The attribution of dispositions in all of the above cases is according to the following logical template:
 “Object S has the disposition P to do action A” is equivalent to “if S is in some circumstance C, C depending on P and the character of A, then there will be a non-zero likelihood of S doing A”.
For example, “A vase object has the disposition to break" is equivalent to “If the vase is in some circumstance of being struck forcefully, this circumstance depending on the precise fragility and the character of the breaking, then there is a non-zero likelihood of the vase breaking".
New Ontology for Substance
We thus see how science analyzes and constitutes dispositional properties and how those properties are explained as forms of some essential more-fundamental dispositions or propensities. We can now philosophically generalize that analysis in order to formulate a new view of the constitution of objects, such that dispositional essentialism logically follows. This new constitution is to take powers or propensities themselves as the persisting ‘stuff’ of which objects are made. That is, I argue that we should identify ‘propensity’ and ‘substance’ so that natural objects, as ‘forms of propensity’, are then ‘forms of a substance’ in nearly the manner of Aristotle.

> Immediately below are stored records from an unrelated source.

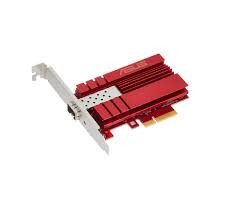 ASUS - XG-C100F - Network Adapter 10GbE PCIe x4 SFP+ Fiber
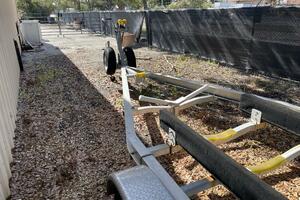 22ft Tidewater Yacht For Sale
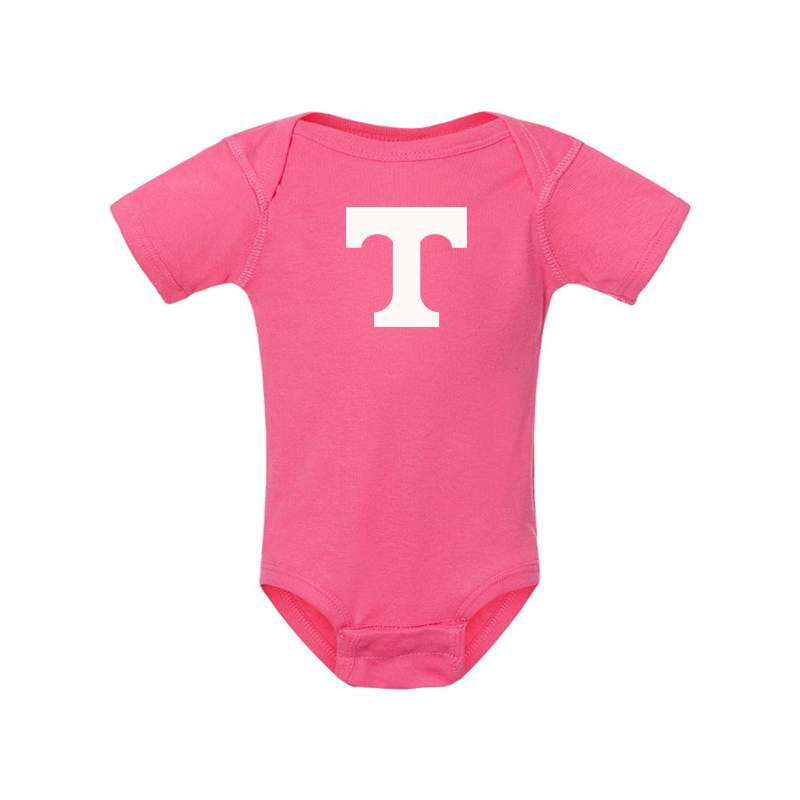 Tennessee Volunteers Baby Romper Onesie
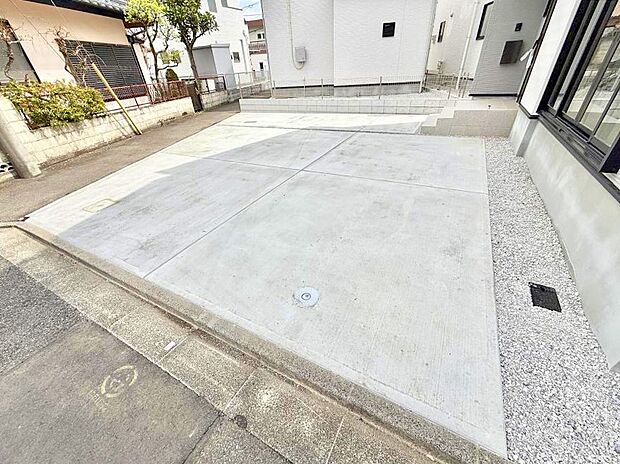 【駐車場】■カースペース有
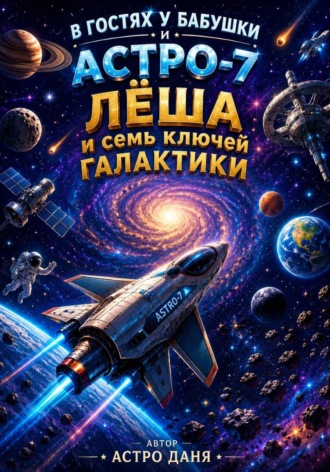 Астро Даня. В гостях у бабушки и Астро-7. Лёша и семь ключей галактики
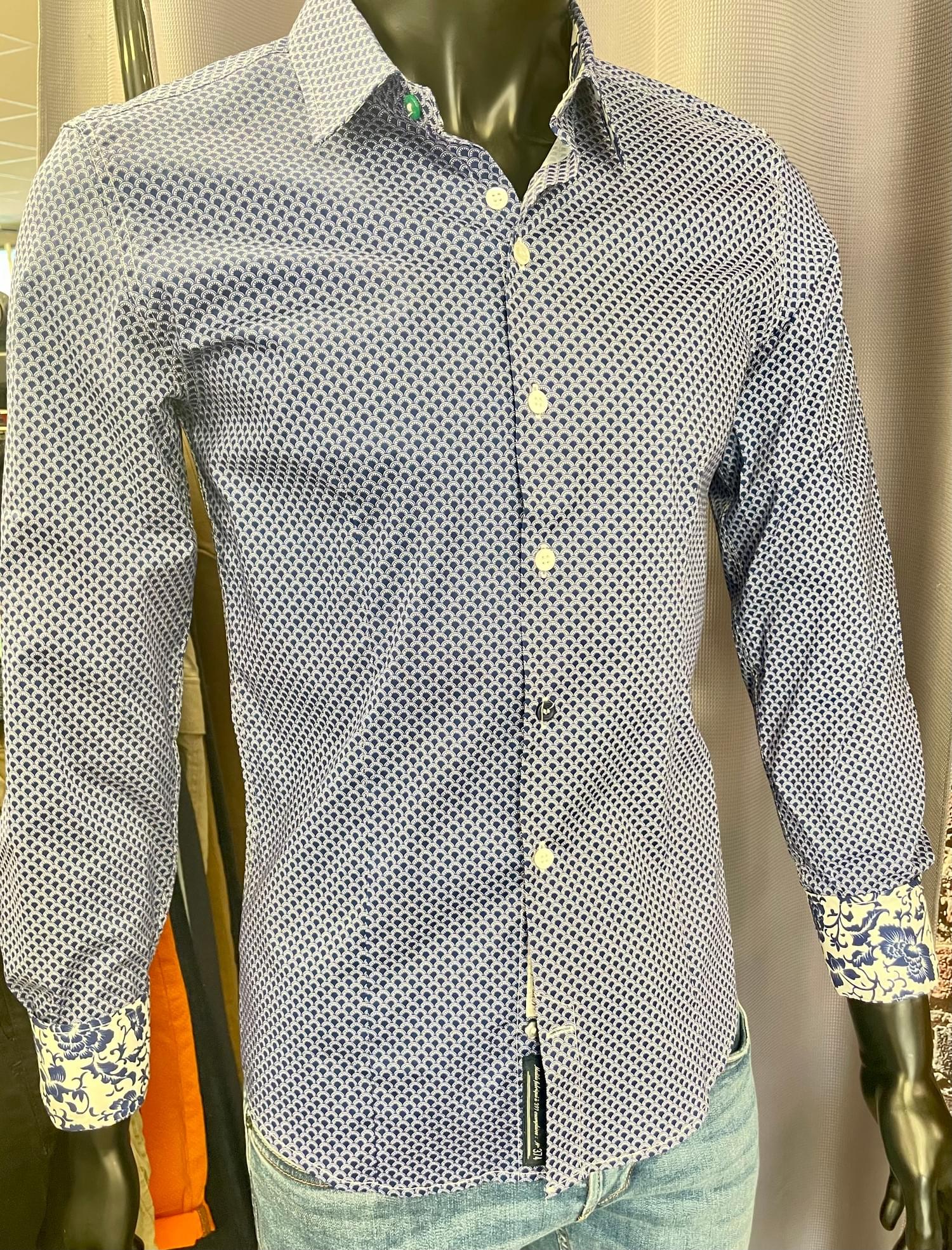 Numérolog1e Chemise Cody, photo 1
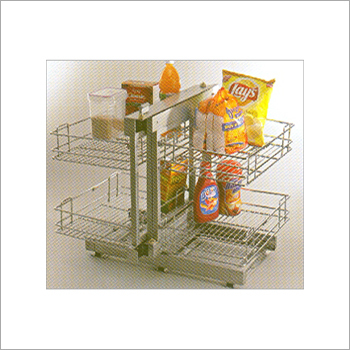 Food Storage Shelves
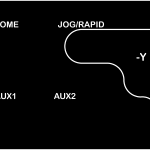 Decal Type 1 for MASSO TP15P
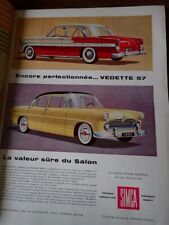 Simca régence vedette d'occasion  Saint-Nazaire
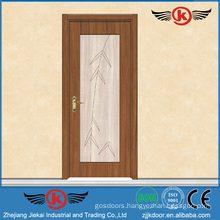 JK-PU9307 Turkish Woodern Wholesale Entry Doors Prices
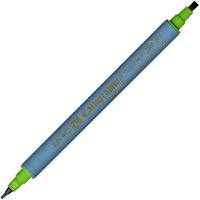 ZIG Kalligrafi II TC-3100 lysegr&oslash;n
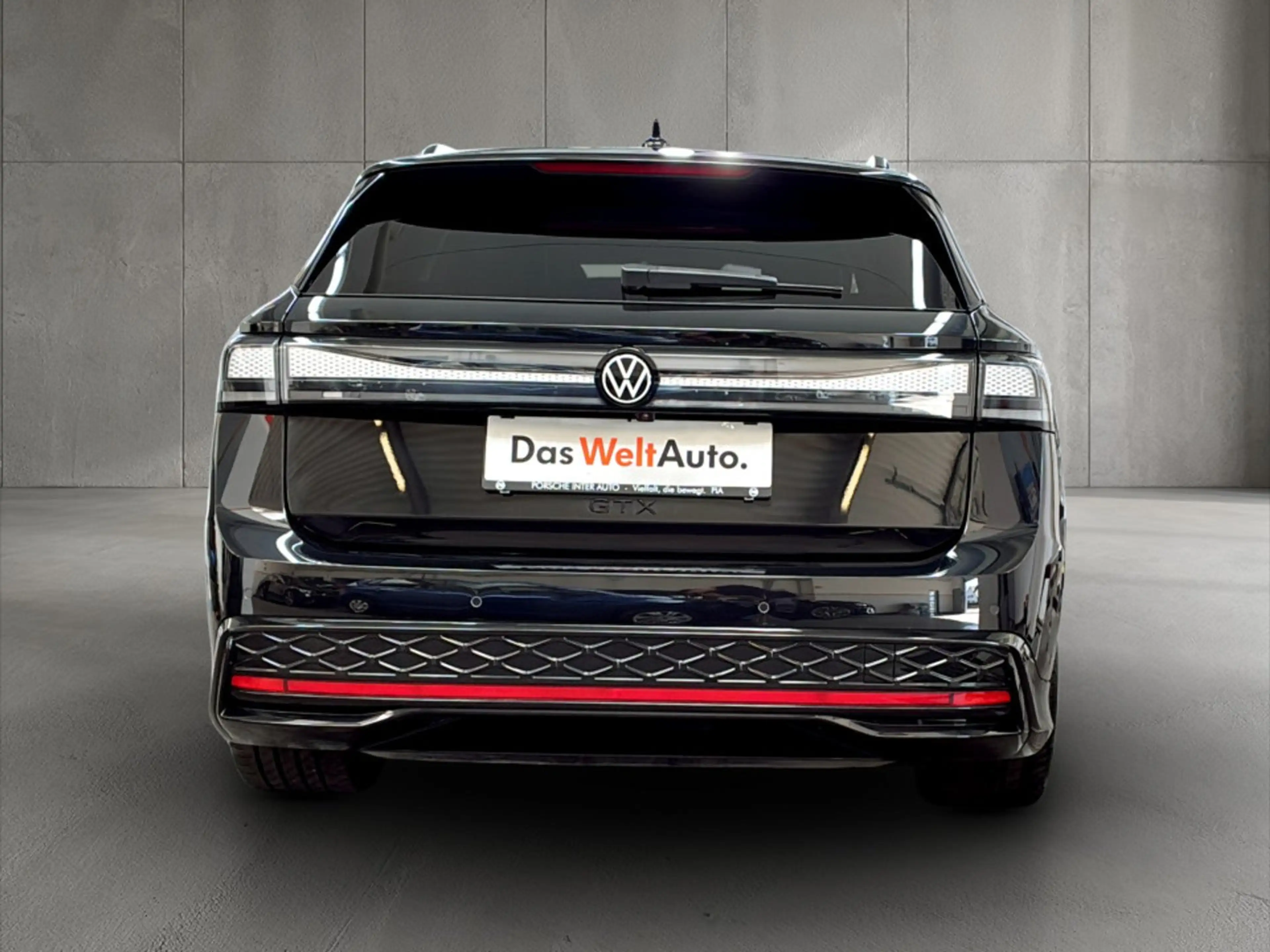 Volkswagen ID.7 Tourer GTX 4MOTION 250 kW Business — photo 5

It is admittedly a large metaphysical leap to identify propensity as substance, but I will argue that the identification is grammatically correct, philosophically sound, historically defensible, and physically correct, and that it even helps clarify interpretations of quantum physics. It furthermore agrees with the Eleatic Principle: that existence should only be given to that which has causal power. In a more modern age, this would be called a ‘pragmatic’ view of substance, as attributing significance not to what something merely is but to what it can do. The identity of substance and propensity is claimed in the same sense that, while the morning star and the evening star are initially known independently, they turn out to refer to the same (ontological) being. This identification should be the next development for those who adhere today to dispositional essentialism. Instead of worrying about ‘ungrounded dispositions’, we will see that dispositions are able themselves to be grounds or bearers of properties.